━━ SUPPLIED RECORDS ━━

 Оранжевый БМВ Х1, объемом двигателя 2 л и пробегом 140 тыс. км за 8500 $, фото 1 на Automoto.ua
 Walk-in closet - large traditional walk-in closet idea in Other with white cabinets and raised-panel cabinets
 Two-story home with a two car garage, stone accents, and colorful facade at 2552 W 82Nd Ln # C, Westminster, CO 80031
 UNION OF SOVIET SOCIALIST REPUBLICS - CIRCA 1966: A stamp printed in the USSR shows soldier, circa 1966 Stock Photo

━━━
━━ SUPPLIED RECORDS ━━

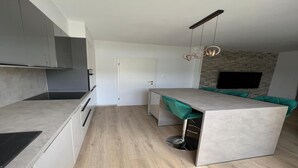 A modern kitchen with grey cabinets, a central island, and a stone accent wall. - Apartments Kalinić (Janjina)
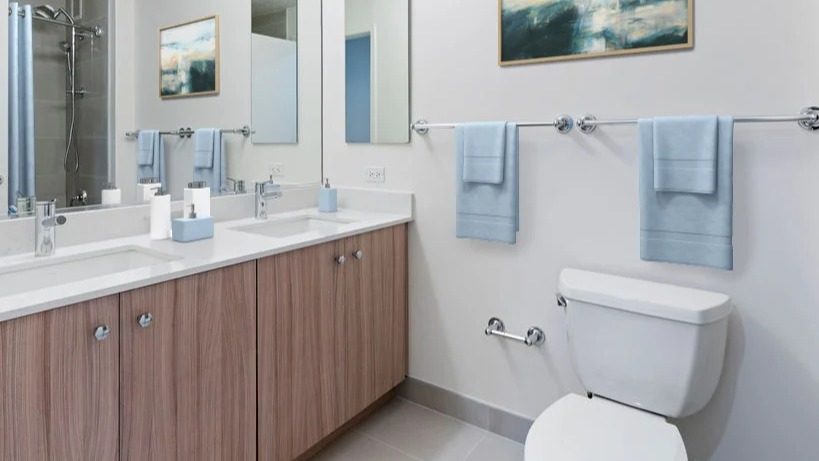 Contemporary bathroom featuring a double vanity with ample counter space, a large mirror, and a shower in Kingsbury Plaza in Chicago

━━━

▸ **EXERCISE**
Working from the data above, extract solely the lines from the one containing "Оранжевый БМВ Х1, объемом" through the one containing "UNION OF SOVIET", exactly as they appear, both included.

▸ **ANSWER TO THIS EXERCISE**
 Оранжевый БМВ Х1, объемом двигателя 2 л и пробегом 140 тыс. км за 8500 $, фото 1 на Automoto.ua
 Walk-in closet - large traditional walk-in closet idea in Other with white cabinets and raised-panel cabinets
 Two-story home with a two car garage, stone accents, and colorful facade at 2552 W 82Nd Ln # C, Westminster, CO 80031
 UNION OF SOVIET SOCIALIST REPUBLICS - CIRCA 1966: A stamp printed in the USSR shows soldier, circa 1966 Stock Photo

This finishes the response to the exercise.